23 November 2008 @ 11:55 am
tar vs. dump  
Some people claim dump is irrelevant. Linus Torvalds claimed at some point that dump was a relic of the past. The real issue was that there was no way in Linux to synchronize a file system at the time due to a silly bug in the kernel.

Well, a lot of people still find dump a useful tool. Its easy to use and its fast. In fact its really fast. tar and just about every other backup tool accesses the filesystem through the directory structure. The filesystem on disk is not ordered in the same way as its directory structure and the result is a lot of time spent seeking. dump opens the underlying device and accesses the data in its native order.

I ran a primitive benchmark just now:
  1. sync the filesystem (an ext3 filesystem on a encrypted volume).
  2. flush out the page and dentry caches (echo 3 > /proc/sys/vm/drop_caches)
  3. run the backup
I did this for four different backup jobs:
  1. full backup with tar
  2. incremental backup with tar
  3. full backup with dump
  4. incremental backup with dump
The results:
tar cf - /home/perbu37m 55s
tar --after-date 2008-11-01 -cf - /home/perbu
3m 59s
dump -f - /dev/vg0/perbu13m 22s
dump -f -T 'Fri Nov 01 00:00:00 2008 +0100'   /dev/vg0/perbu2m 22s
The results are quite clear. Dump is far superior to tar performance-wise.  A lot of sysadmins have problems making the backup stay within its window and dump is a very useful tool to those people.

I would guess that on a SSD the results would more or less be the same as the seek times are more or less zero. If someone gets me an SSD I'll make a post abount it. :-)

However, there is a price for this performance. If your filesystem is very active there might be changes that are not yet flushed out to disk - these data might not be backed up completely.

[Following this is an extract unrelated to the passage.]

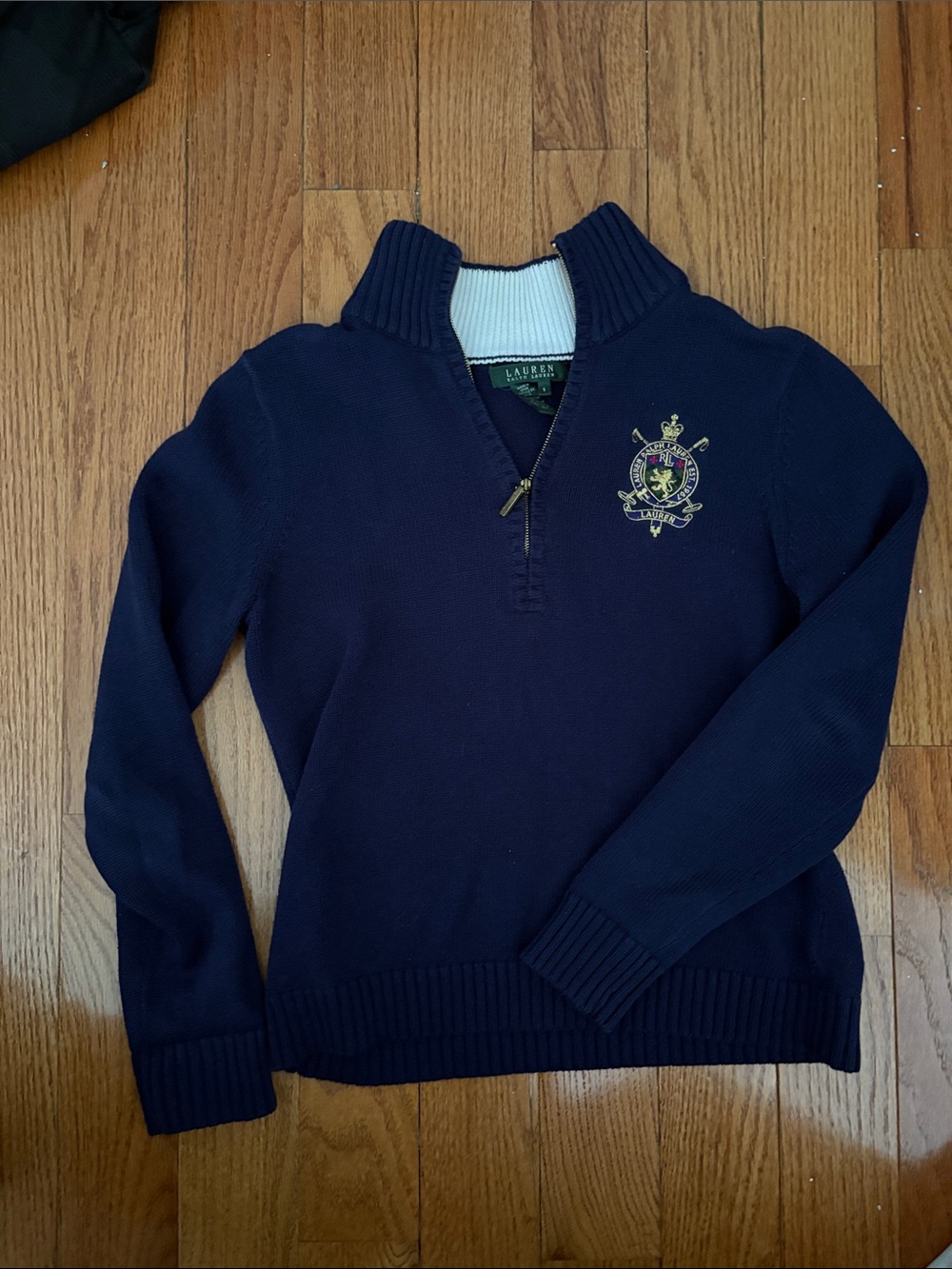 Lauren Ralph Lauren Navy Half-Zip Crest Sweater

To be 100% sure everything is backed up you might want to take a snapshot of the devices and dump this.For a personal computer however, the risk in negligible.

Happy dumping!

iolandamignorte on November 12th, 2010 03:53 pm (UTC)
I've never used the incremental feature of a backup program so I have a question for you: usually it takes several days to acknowledge that I have a big problem on my computer so do I have the possibility to choose from a list of previous backups or the incremental feature will backup the problem as well?